**What this task involves**
The part below that opens with the line containing "Mewtwo Thanos Pokemon" and closes with the line containing "기타 FOOTBALL SHORT" should be copied exactly, minus any pictures.

**Extracted data**
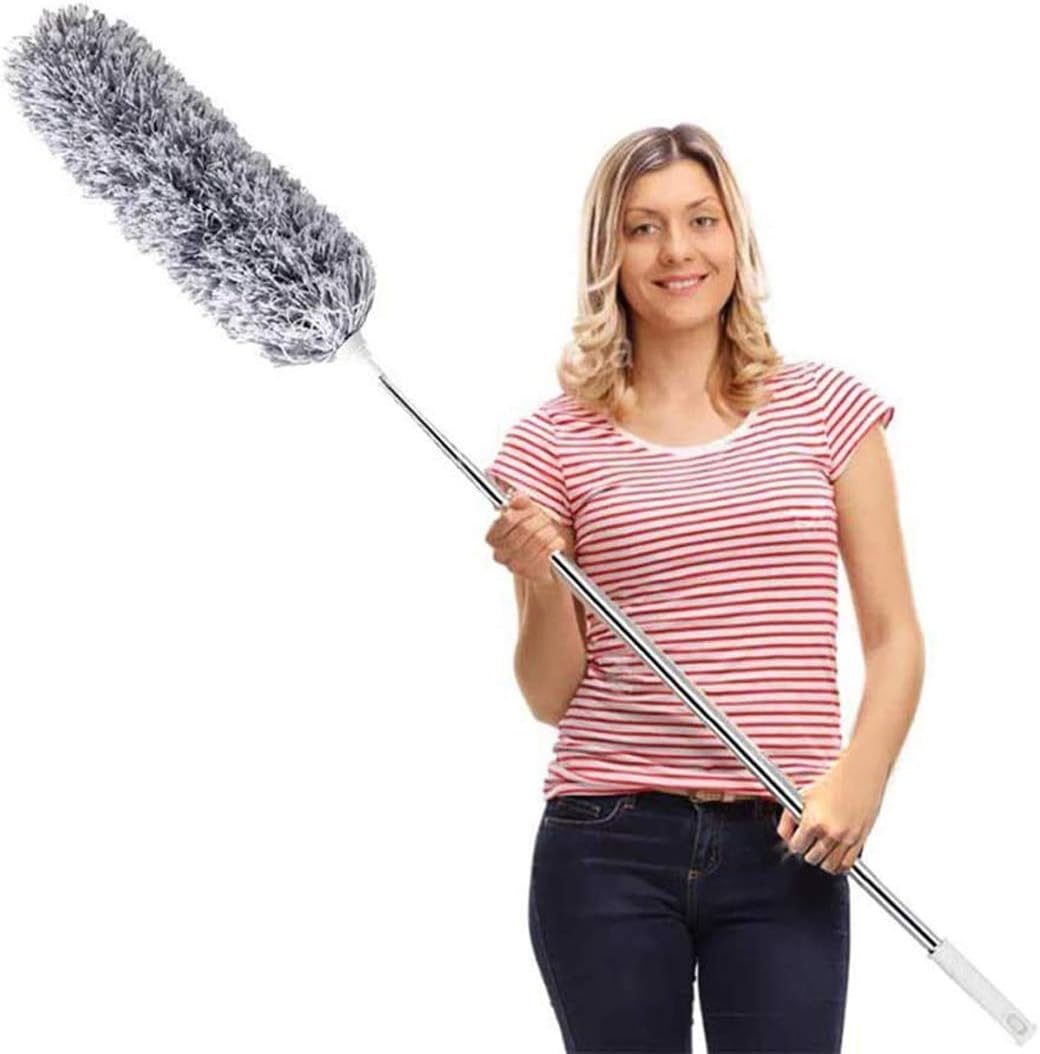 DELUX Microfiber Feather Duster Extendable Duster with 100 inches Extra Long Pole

* * *

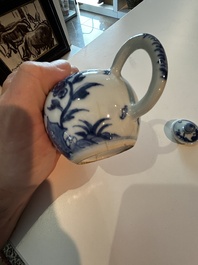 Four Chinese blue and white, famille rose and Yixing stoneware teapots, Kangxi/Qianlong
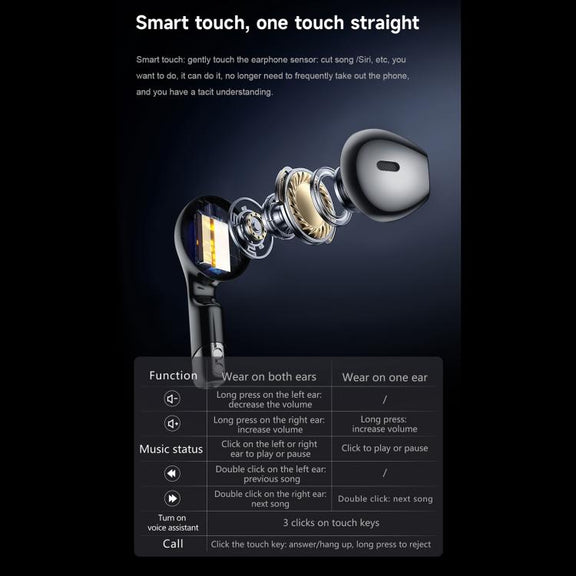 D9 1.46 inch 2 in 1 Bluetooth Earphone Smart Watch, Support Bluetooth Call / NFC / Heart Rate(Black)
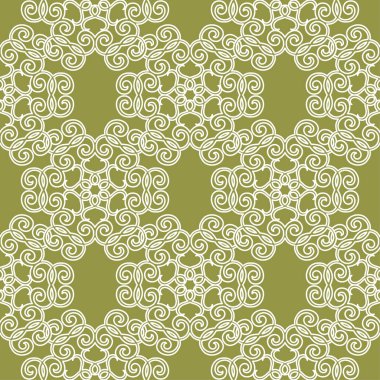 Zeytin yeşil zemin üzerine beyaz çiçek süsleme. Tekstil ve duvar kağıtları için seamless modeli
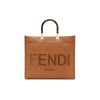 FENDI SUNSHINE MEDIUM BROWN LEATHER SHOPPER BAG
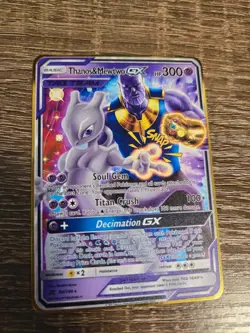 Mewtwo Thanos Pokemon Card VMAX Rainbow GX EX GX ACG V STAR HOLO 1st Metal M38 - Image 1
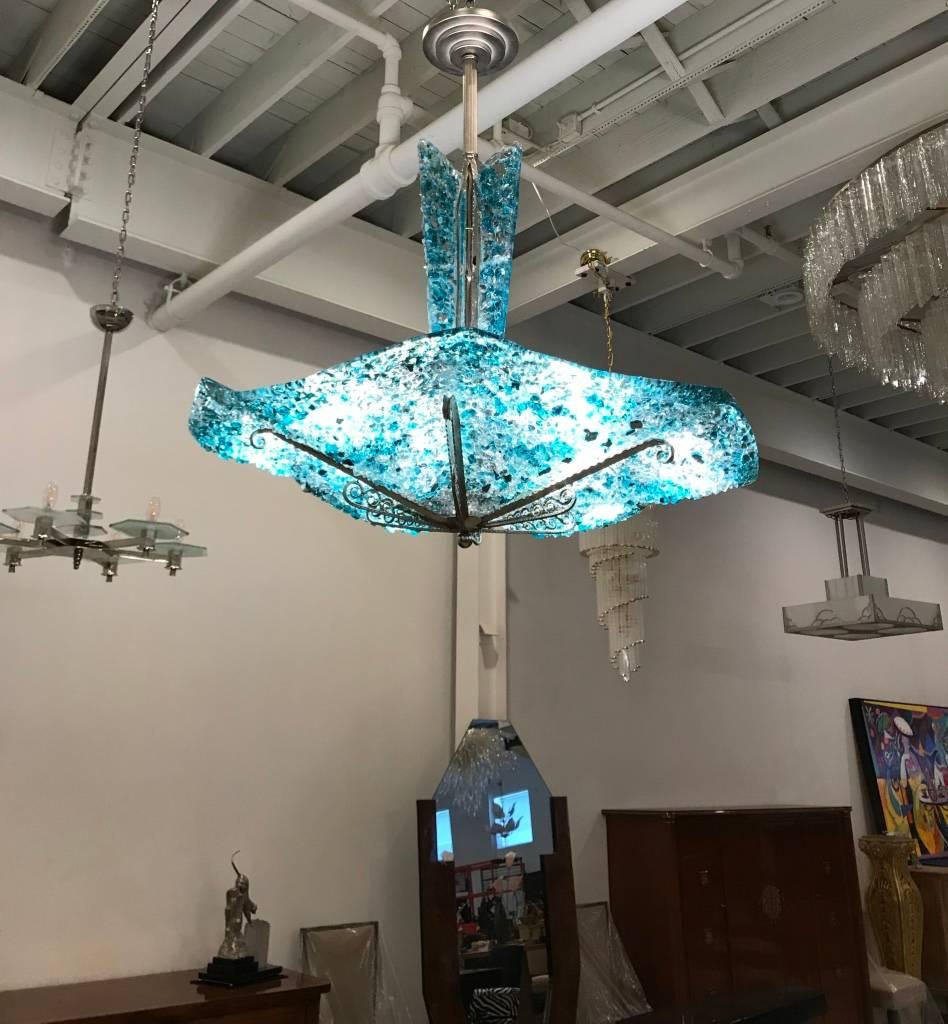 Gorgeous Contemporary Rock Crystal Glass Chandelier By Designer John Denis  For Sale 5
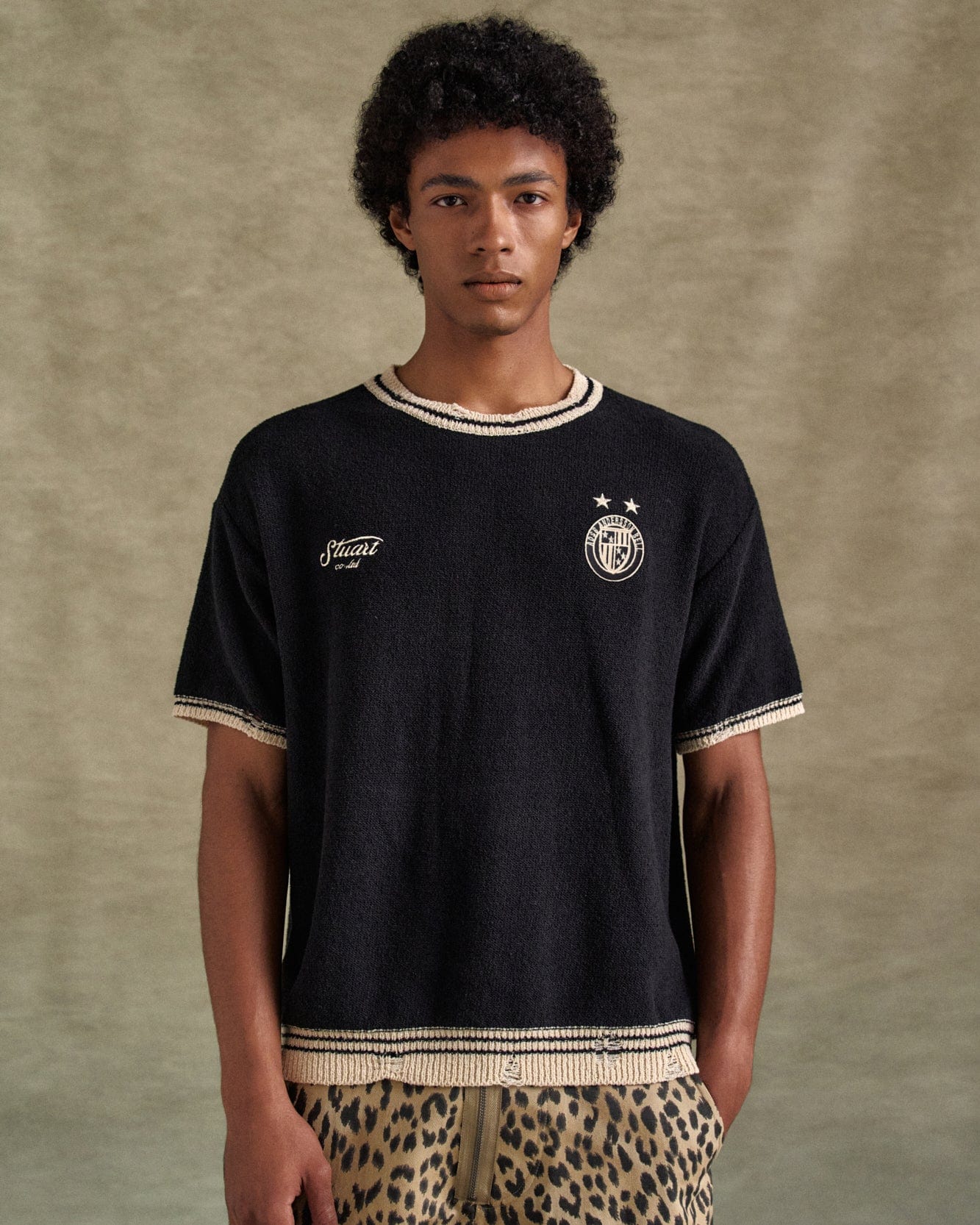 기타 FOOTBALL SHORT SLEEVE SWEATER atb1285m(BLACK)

==

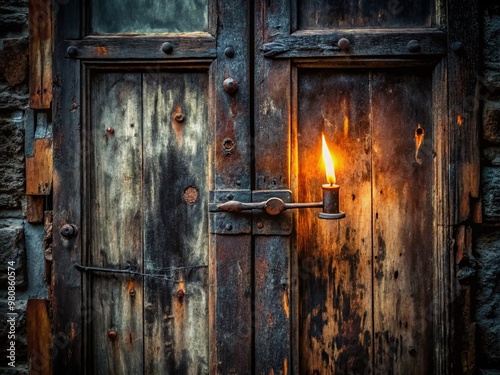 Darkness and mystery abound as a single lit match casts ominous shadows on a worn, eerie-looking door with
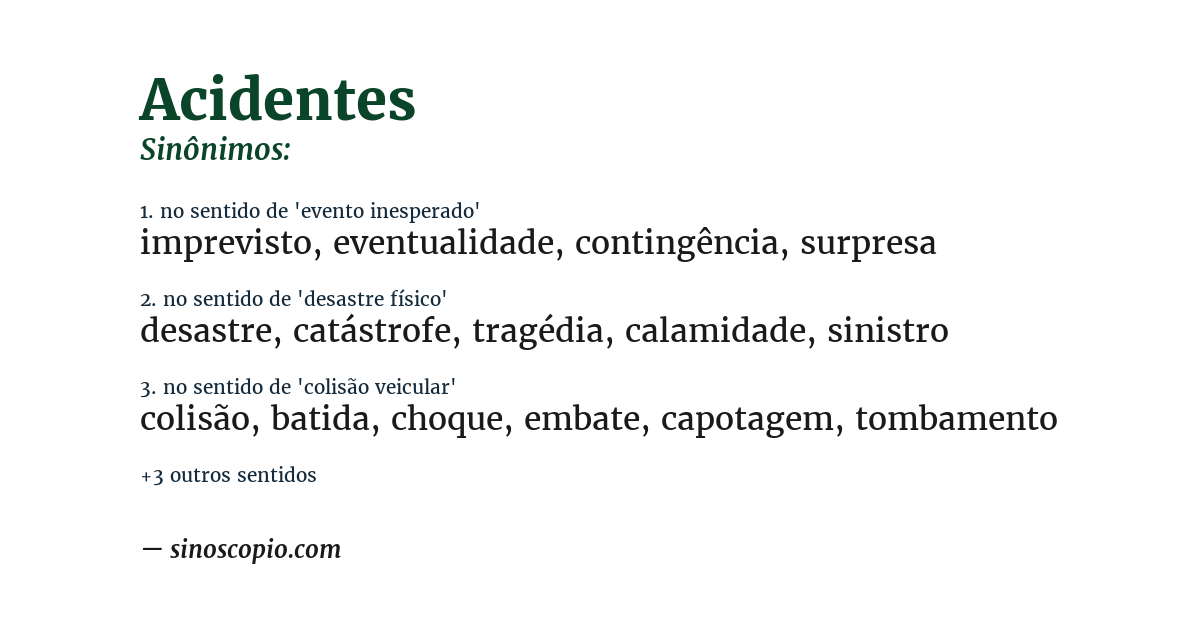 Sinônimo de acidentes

**Task response**
 Mewtwo Thanos Pokemon Card VMAX Rainbow GX EX GX ACG V STAR HOLO 1st Metal M38 - Image 1
 Gorgeous Contemporary Rock Crystal Glass Chandelier By Designer John Denis  For Sale 5
 기타 FOOTBALL SHORT SLEEVE SWEATER atb1285m(BLACK)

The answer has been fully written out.